Problem to work on: An exact transcription is needed of the lines below from the one with "Will Ulaganayagan Kamal" through the one with "DPD Pickup Punkty, Droga", with no other lines and no pictures.

Dataset:

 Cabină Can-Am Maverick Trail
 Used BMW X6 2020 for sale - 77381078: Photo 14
...
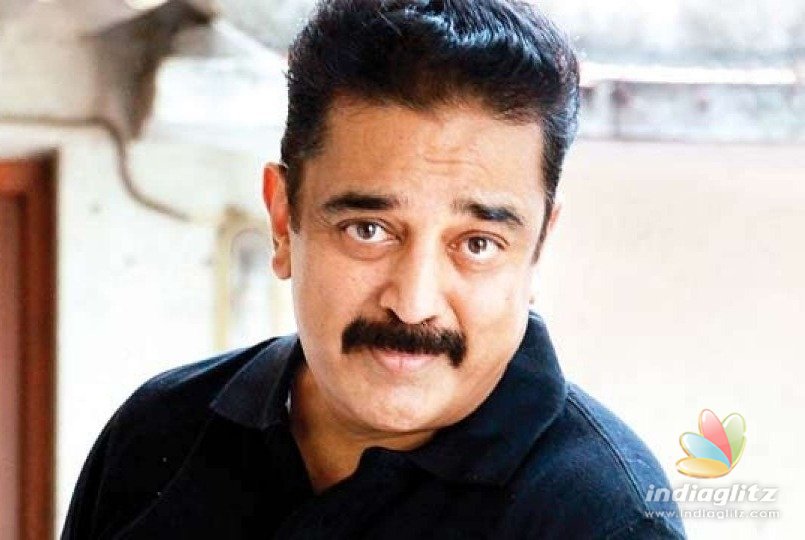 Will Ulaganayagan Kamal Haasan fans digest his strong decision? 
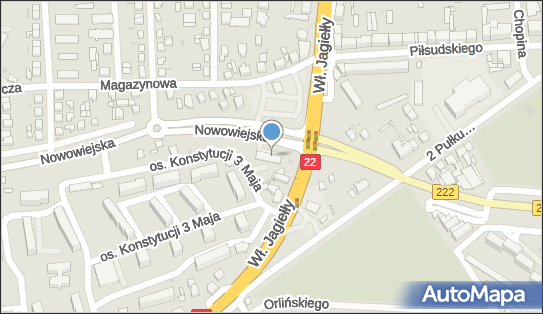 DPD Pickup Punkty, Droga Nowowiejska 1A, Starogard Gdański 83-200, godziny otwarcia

Answer space:
 Will Ulaganayagan Kamal Haasan fans digest his strong decision? 
 DPD Pickup Punkty, Droga Nowowiejska 1A, Starogard Gdański 83-200, godziny otwarcia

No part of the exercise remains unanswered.